Antenatal care, a component of safe motherhood, focuses on birth preparedness and readiness to handle complications.

The primary aim of ANC is ensuring prevention, early detection and prompt management of pregnancy related complications. The antenatal period presents opportunities for reaching pregnant women with a number of interventions that may be vital to their health and well-being and that of their infants. (Koblinsky and Heichelheim, 1999)
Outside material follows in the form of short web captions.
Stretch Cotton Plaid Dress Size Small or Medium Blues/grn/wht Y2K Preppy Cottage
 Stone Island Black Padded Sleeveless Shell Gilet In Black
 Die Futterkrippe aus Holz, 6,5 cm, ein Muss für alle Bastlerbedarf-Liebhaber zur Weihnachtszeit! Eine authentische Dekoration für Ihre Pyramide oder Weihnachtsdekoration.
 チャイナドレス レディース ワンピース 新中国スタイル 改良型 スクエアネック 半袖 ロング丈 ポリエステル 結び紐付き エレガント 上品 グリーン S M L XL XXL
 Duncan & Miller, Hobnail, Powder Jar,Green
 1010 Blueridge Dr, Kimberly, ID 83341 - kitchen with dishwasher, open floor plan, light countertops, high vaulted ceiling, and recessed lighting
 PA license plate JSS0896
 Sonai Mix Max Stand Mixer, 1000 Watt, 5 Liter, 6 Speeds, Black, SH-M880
Focused Antenatal Care requires four comprehensive ANC visits, (MOH, 2006), delivery in a well-equipped health facility with skilled health care providers or assistance from a skilled professional when giving birth at home, access to emergency obstetric care and a timely postpartum visit (Singh, et al., 2009)

1.1. Statement of the Problem

Most of world’s maternal deaths occur in developing world though majority of deaths and are avoidable. Over the years, efforts to reduce maternal mortality and morbidity have included promoting antenatal care, providing family planning services, and improving essential obstetric care. Despite such interventions, maternal mortality rates remain high in Kenya. There is need to assess whether the interventions made are efficient enough to reduce the maternal mortality rates through utilization of the antenatal and delivery care services in Nairobi county.

1.2. Objectives

1.2.1. General Objective

To assess the antenatal care service utilization and factors associated with antenatal care non attendance in Nairobi County.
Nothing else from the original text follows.